Village Of The Damned (1959)

“You have to be taught to leave us alone. If you didn’t suffer from emotions, from feelings, you could be as powerful as we are.”

 

Scenes don't come more English than the beginning of Village Of The Damned. Tractors plough fields, lovely music plays, it's a rural idyll.

And perhaps that's why a strange extra-terrestrial force picks this spot to strike, as everyone in the area suddenly collapses, leading to overflowing basins and scratched records a-plenty. Yes, it's 11am in Midwich, and all is definitely not well…

Luckily, one of the villagers, Gordon (George Sanders) was on the phone to his brother-in-law, Major Alan Bernard, in Whitehall when the big human switch-off happened, so the puzzled Major (Michael Gwynn) hotfoots it over to see what's going on.

There's something very pre-1970 about the idea that an entire village in the middle of England can suddenly get cut off from the outside world without anyone noticing, but that's what has happened.

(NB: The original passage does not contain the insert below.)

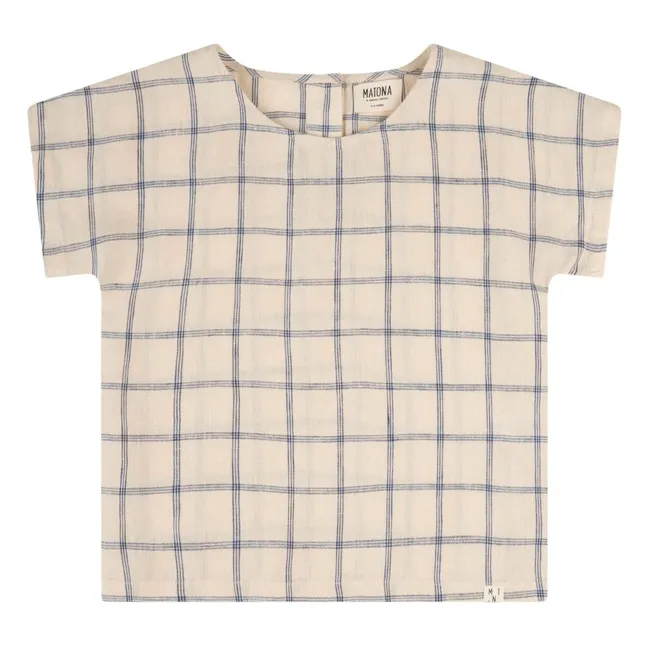 Maglietta in lino a quadri  | Beige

On arriving on the outskirts, Gwynn meets up with a bobby who cycles slightly further up the Midwich road and promptly falls to the floor, unconscious. The army are soon on the scene, and they find that whatever it is that's causing the problem has a very definite edge, and can penetrate their respirators. After a disastrous experiment with a light aircraft (one of the great "what were they thinking?" moments), it is noticed that people and cows are waking up in nearby fields - as they are across the village…

The villagers are at a loss, after all, as one points out: "You don't 'ardly expect to drop asleep before dinner, do yer?"

And the army are none the wiser either, despite their Geiger counters.

Cut to several months later, and Gordon's wife Anthea (Barbara Shelley) has developed a taste for pickles. Her husband's quaint reaction to the news that he's about to become a dad (very "Doctor In Love") is contrasted with the shock felt by most of the rest of the village when it becomes apparent that every woman of child bearing age is also expecting - including a distraught single girl ("I've never… it's impossible… impossible…") and the wife of Jim, who's been away for a year (oh-oh…)

Come the village's big day, and the (seemingly lone) midwife has a busy evening, with every baby arriving at pretty much the same time (and months early). All the village men are in the pub, drinking and smoking heavily. "I 'ope that none of 'em lives," says the formerly chirpy bloke who made the crack about sleeping before dinner.

All the babies are born safely - each weighing more than 10lb and with "strange eyes". Furthermore, they grow extremely rapidly and analysis of their hair and fingernails shows strange peculiarities. Not to mention their unnerving habit of punishing their parents if something hurts them (Anthea is made to scald herself when the milk she gives their child David is too hot).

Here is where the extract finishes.